- [Dataset records]:
════════════════

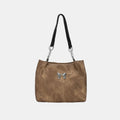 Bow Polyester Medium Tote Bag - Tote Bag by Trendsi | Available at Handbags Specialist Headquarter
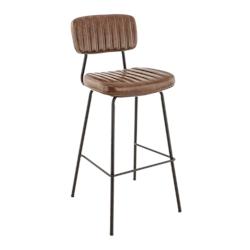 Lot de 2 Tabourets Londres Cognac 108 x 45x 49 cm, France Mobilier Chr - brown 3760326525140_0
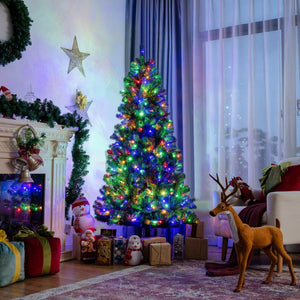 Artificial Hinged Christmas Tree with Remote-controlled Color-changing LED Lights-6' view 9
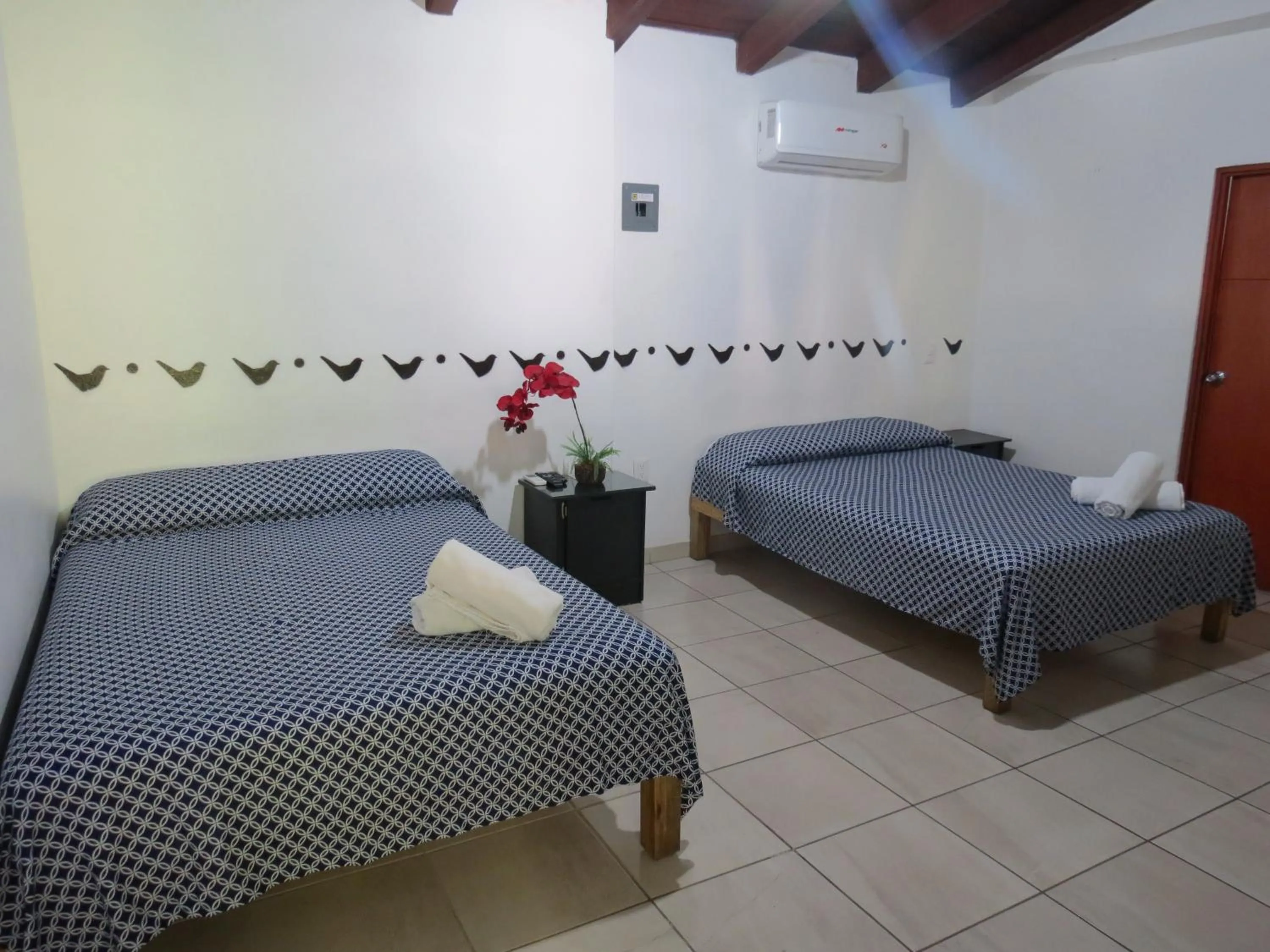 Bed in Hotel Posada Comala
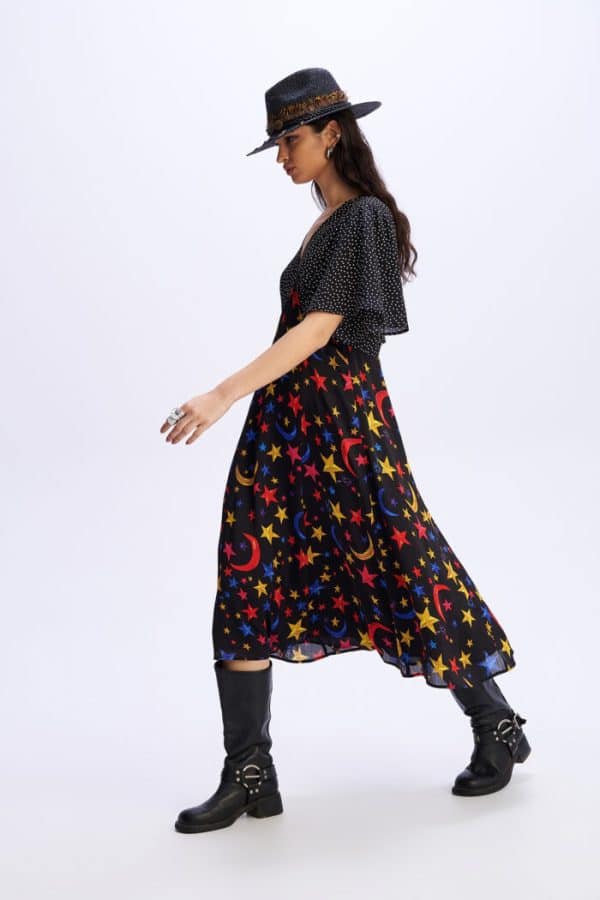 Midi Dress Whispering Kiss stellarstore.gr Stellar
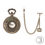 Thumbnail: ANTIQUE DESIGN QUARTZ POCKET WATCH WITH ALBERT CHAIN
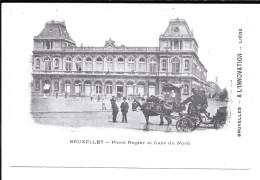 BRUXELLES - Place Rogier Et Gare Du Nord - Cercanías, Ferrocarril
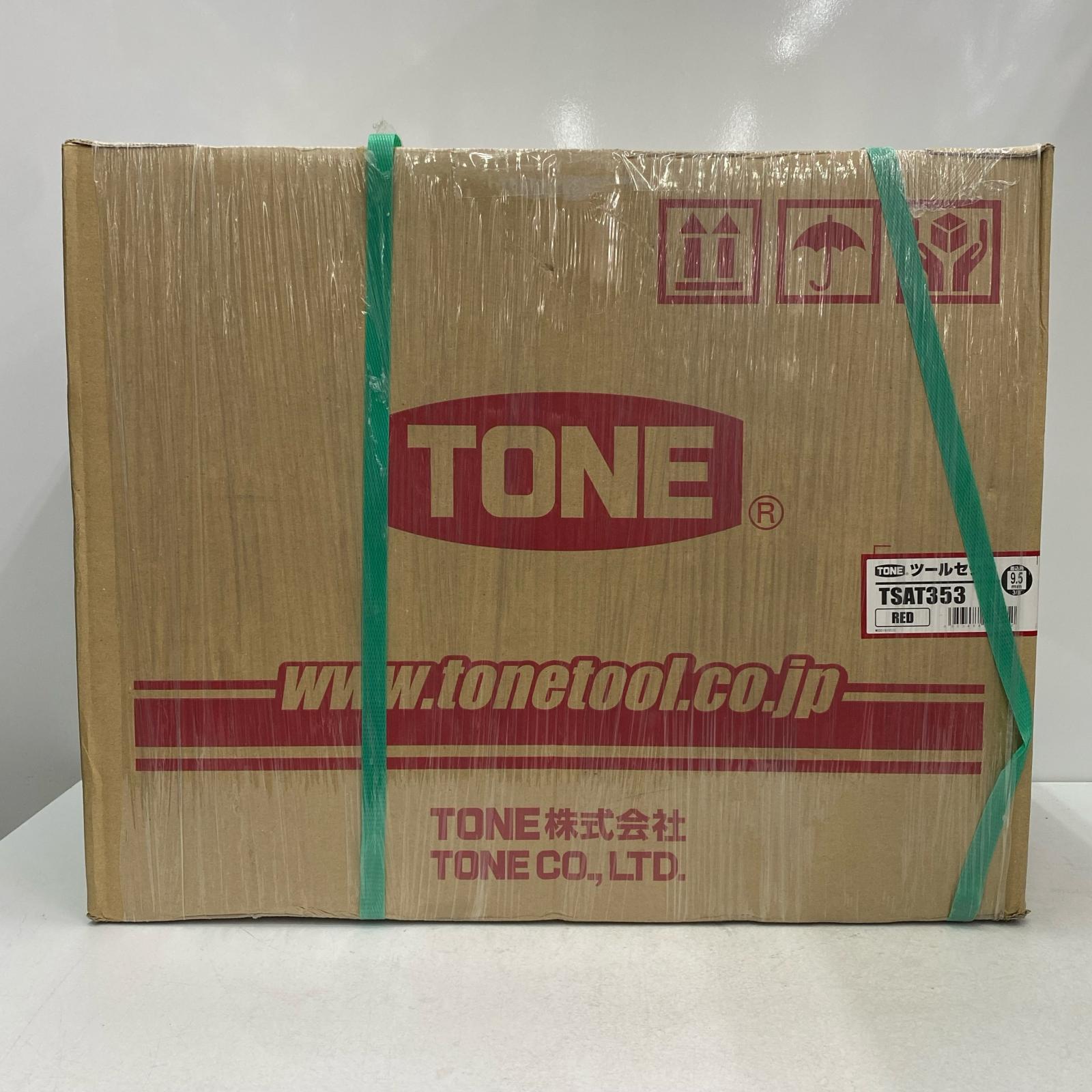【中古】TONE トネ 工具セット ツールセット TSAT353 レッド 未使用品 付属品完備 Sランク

════════════════

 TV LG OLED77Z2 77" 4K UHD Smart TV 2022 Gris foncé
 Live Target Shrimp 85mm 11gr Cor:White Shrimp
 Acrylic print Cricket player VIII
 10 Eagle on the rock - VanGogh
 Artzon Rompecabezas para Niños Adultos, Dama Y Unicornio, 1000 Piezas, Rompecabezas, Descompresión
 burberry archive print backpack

════════════════

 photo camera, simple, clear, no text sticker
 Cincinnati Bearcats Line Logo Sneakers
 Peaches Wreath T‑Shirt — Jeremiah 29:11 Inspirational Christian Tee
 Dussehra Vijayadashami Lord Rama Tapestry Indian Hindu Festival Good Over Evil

════════════════

- [Exercise brief]: Scan the records for the string "print". Copy each line in which it appears.

- [Response]:
 Acrylic print Cricket player VIII
 burberry archive print backpack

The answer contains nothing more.